The moles in my lawn are welfare subjects. Driving my lawn tractor over their burrows while mowing interferes with their pursuit of their welfare. Assuming I have a moral reason not to interfere with their pursuit of their welfare, this reason is a fairly weak one. It does not give rise to a duty, for instance, to stop mowing my lawn and let it turn to brambles or to capture the moles and move them to a place where my lawn mowing will not interfere with their pursuit of their welfare. While the moral reason not to interfere with the moles’ pursuit of their welfare by mowing my lawn is very weak, I have a stronger reason not to run over a scurrying mole in my path when I can easily avoid it by applying the brake. And while I have a moral reason to brake for the scurrying mole, the reason I have to brake for a scurrying toddler in my path is stronger still, by many orders of magnitude. The point is the obvious one that moral reasons come in strengths.
Therefore, even if moral agents always have agent-neutral pro tanto reasons to promote or not to interfere with the realization of welfare value, the strength of our reasons to promote or not to interfere with the welfare of plants and machines may be weak, extremely weak. This would explain why I have a very strong reason not to leave my dog to die of thirst but a quite weak moral reason not to leave my houseplant to die and an even weaker reason not to let my Tessler rust.
It should not be surprising that moral reasons based on welfare can be more or less weighty. Indeed, someone who thinks that sentience is necessary and sufficient for welfare subjecthood is already committed to this, as seen by the examples of the sentient mole and toddler. Furthermore, it is no objection to the view that all sentient beings are welfare subjects to point out that this implies we have moral reasons to promote or at least not to interfere with the welfare of billions of wild animals. My interlocutor could admit that we have those reasons, but claim that they are weak, so no absurdity about what we have overall reason to do results. I have similarly claimed that even if we have moral reasons to promote or not interfere with the welfare of plants and sophisticated machines, these reasons could be very weak, so no absurdity results.
7.4 A Further Challenge
Rosati (Reference Rosati2020: 255–257) acknowledges room for a wide-scope theory of welfare subjects according to which everything is a welfare subject. She explains the challenge of providing an account of the strength of reasons on such an account. So presumably she would put the challenge to me to explain why the reasons to promote the welfare of humans, non-human animals, plants, and machines differ in their strength when those beings are all equally welfare subjects on my medium-scope theory. Luckily, Gwen Bradford has offered a solution to this problem, which I co-opt here.

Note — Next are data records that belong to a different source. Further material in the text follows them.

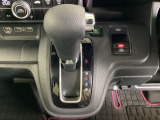 発進時から滑らかに加速する無段階変速のCVTはストップ&ゴーの多い街の中も快適です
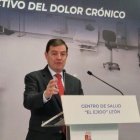 El presidente de la Junta de Castilla y León, Alfonso Fernández Mañueco, en el Centro de Salud de El Ejido, en León capital.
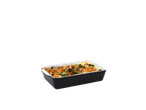 Um delicioso gratinado de legumes em um refratário.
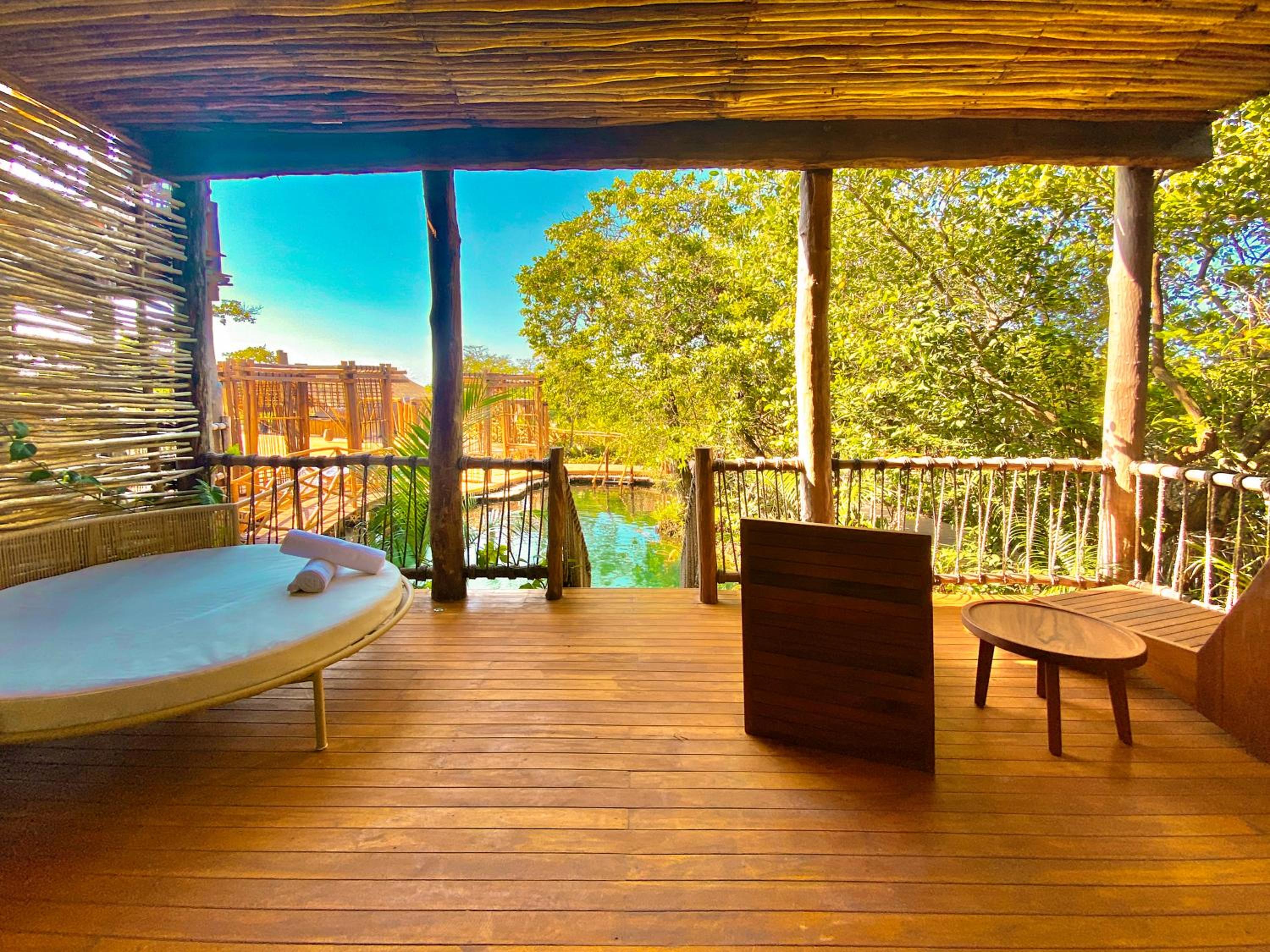 Deluxe Suite - Photo 20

In preparation for understanding Bradford’s view, distinguish between affective consciousness and phenomenal consciousness. Affective consciousness is essentially sentience as I have been using it here: the ability to experience states as positively or negatively valenced. Borrowing a characterization from David Chalmers, a being is phenomenally conscious if there is something that it is like to be that being (Reference Chalmers2020: 14:00) (Cf. also Block Reference Block1995: 230). Phenomenally conscious beings have experiences of which they are aware, such as of sounds, sights, and thoughts.Footnote 7
I have argued explicitly that affective consciousness is not necessary for welfare subjecthood. Furthermore, since trees and Tesslers are not phenomenally conscious but are welfare subjects, my view entails also that phenomenal consciousness is not necessary for welfare subjecthood. Bradford (Reference Bradford2023) argues explicitly that phenomenal consciousness is not necessary for welfare subjecthood. On Bradford’s view, like mine, sophisticated machines of the near future, “some plants, and possibly other surprising things” may be welfare subjects (2023: 913). She considers a robot that is not phenomenally conscious and not affectively conscious, but that can be the subject of “plausible putative extra-experiential [welfare] goods” (2023: 907) including knowledge and satisfied desires:
If the robot’s knowledge and satisfied desires are good, we have pro tanto reason to ensure that all the robots of the world have as much knowledge as possible and everything they want. Further, because the current welfare level of robots is presumably lower than the average human, egalitarian considerations give reason to devote resources to improving the welfare of the world’s robots. (2023: 909)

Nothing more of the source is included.